With regard to the acceleration data, it will be appreciated that acceleration data is used both for tracking and for event detection. Ordinary motion such as walking or running can be tracked based upon acceleration data. Conversely, prescribed motions that correspond to an event such as a gesture or the swing of a baseball bat or a golf club can be identified based upon prescribed acceleration profiles or prescribed thresholds. Moreover, in some embodiments, a one or more motion sensor can be located physically separated from the remote device control electronics. For example, a first smaller sized accelerometer (not shown) could be mounted on a person's hand to more accurately follow hand movements during a golf swing. The first accelerometer could be electrically coupled to the remote device with a wire or through wireless communications, for example. In addition, a second accelerometer (not shown) could be located on a person's wrist in order to track larger body movements. The accelerator data for the two different accelerometers could communicate with the base device 104 during different time slots so as to distinguish their data.

FIG. 10 is an illustrative flow diagram representing a process 1000 to detect an event based upon received user UI input information in accordance with some embodiments.

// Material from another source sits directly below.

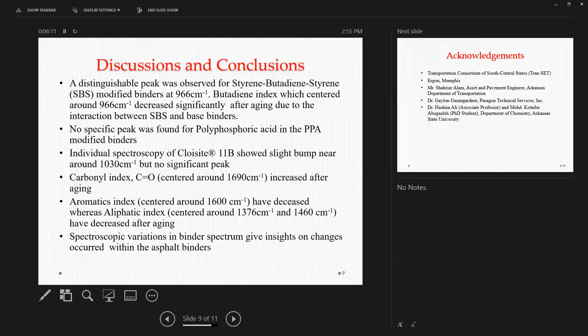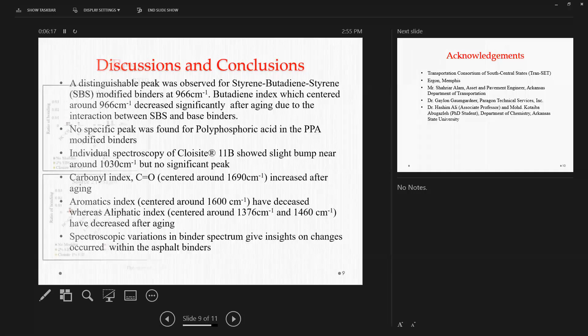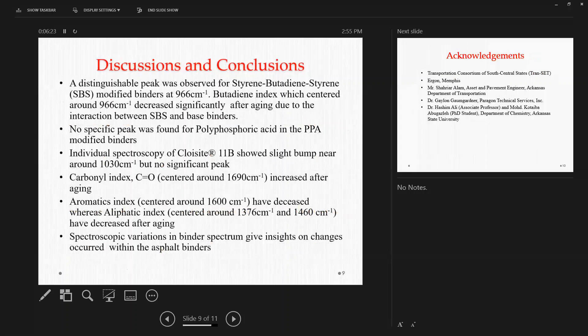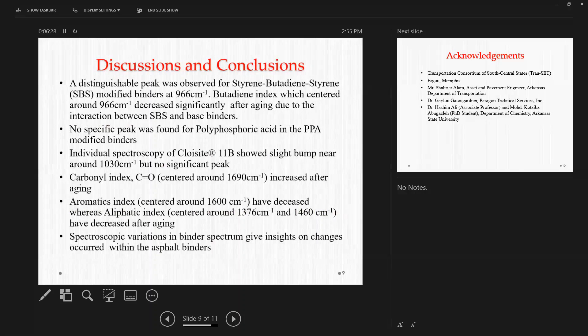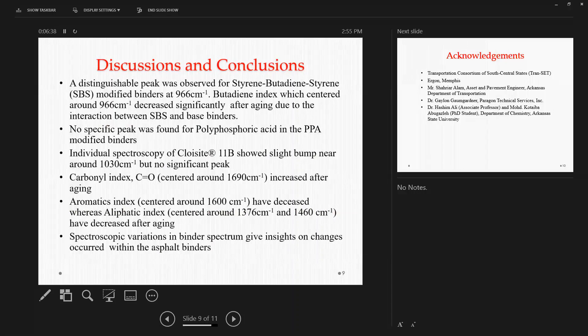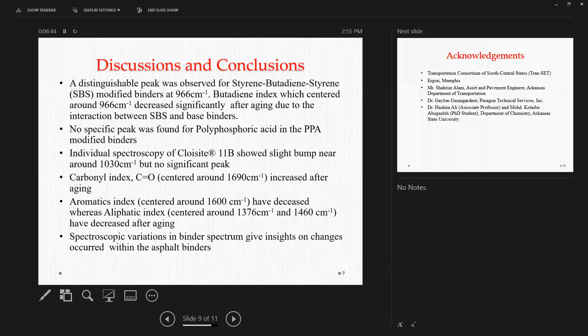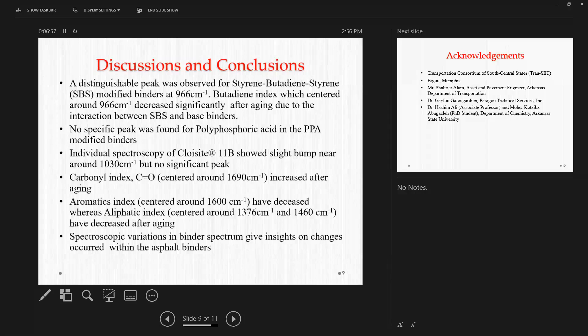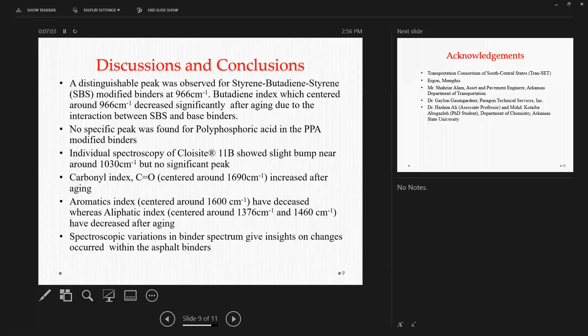Then we can observe the carbonyl index, which usually centered around 1690 wavelength. This specific parameter is very significant because as we know, when asphalt is exposed to aging, it gets oxidized. So the more aging an asphalt sample faces, the more of its carbon gets oxidized. So this parameter here can be related to the aging extent of the specific sample binder. So with the FTIR analysis, we can trace the extent of carbonyl index, which is the extent of aging on asphalt binders, which we can see increased eventually with aging, especially after long-term aging.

Each module of the flow diagram represents configuration of a processor to implement the act specified for the module. Module 1002 receives data for a UI input to the remote device 102 which is transmitted from the remote device 102 to the base device 104 over the RF channel. Module 1004 creates a UI event tag that corresponds to the received user input information. The event tag includes information to identify the kind of event. Module 1006 stores the UI event tag in the memory 310 in association with time stamp to indicate the time at which the UI input was received. UI event tags in conjunction with their corresponding time stamps are used to align user UI events with recorded video information and with other streams of data.

In some embodiments, UI control signals can be transmitted from a second device (not shown) different from the device mounted on the tracked target. Thus tagging may result from operation of such a second remote device that transmits a UI signal to the base device 104. In that case, the flow described with reference to FIG. 10 would be the same except that the UI signal would be received from a different remote device.

FIG. 11 is an illustrative flow diagram representing a process 1100 to evaluate validity of a remote device position determined according to the sensor fusion process 404 of FIG. 7 in accordance with some embodiments. Each module of the flow diagram represents configuration of a processor to implement the act specified for the module. Module 1102 retrieves stored sensor data from the storage device 310. Module 1104 obtains from storage device 310 a rule that uses the retrieved sensor data to evaluate the validity of a position determined by the sensor fusion process. For example, if a tracked object's new position relative to the previous position implies that the object moved faster than a human being can move, the new determined position data is determined to be invalid. Module 1106 applies the rule to the retrieved sensor data. If decision module 1106 determines that the position is not valid it is discarded. If decision module 1106 determines that the position is valid it is used.

FIG. 12 is an illustrative flow diagram representing a process 1200 to determine distance between the remote device 102 and the base device 104 based upon audio data in accordance with some embodiments. As explained above with reference to FIG. 8, remote device sensor data is stored and time stamped by the base device 104. Thus, audio data produced by the remote device audio sensor 110 is stored with associated time stamp information in base device storage 104. Similarly, audio data produced by the base device audio sensor 124 is stored with associated time stamp information in base device storage. Module 802 selects and retrieves from memory 310 the stored remote device audio data and base device audio data for a next prescribed time slot. Module 804 determines distance between the remote and base devices during the selected time slot based upon difference in arrival times of identical sounds represented by the remote and base device audio data during the time slot. Module 806 stores the determined distance in a storage device in association with a time stamp to indicate the time at which the remote and base devices were at the determined distance apart. Control then flows to module 802, and audio data for a next time slot is selected.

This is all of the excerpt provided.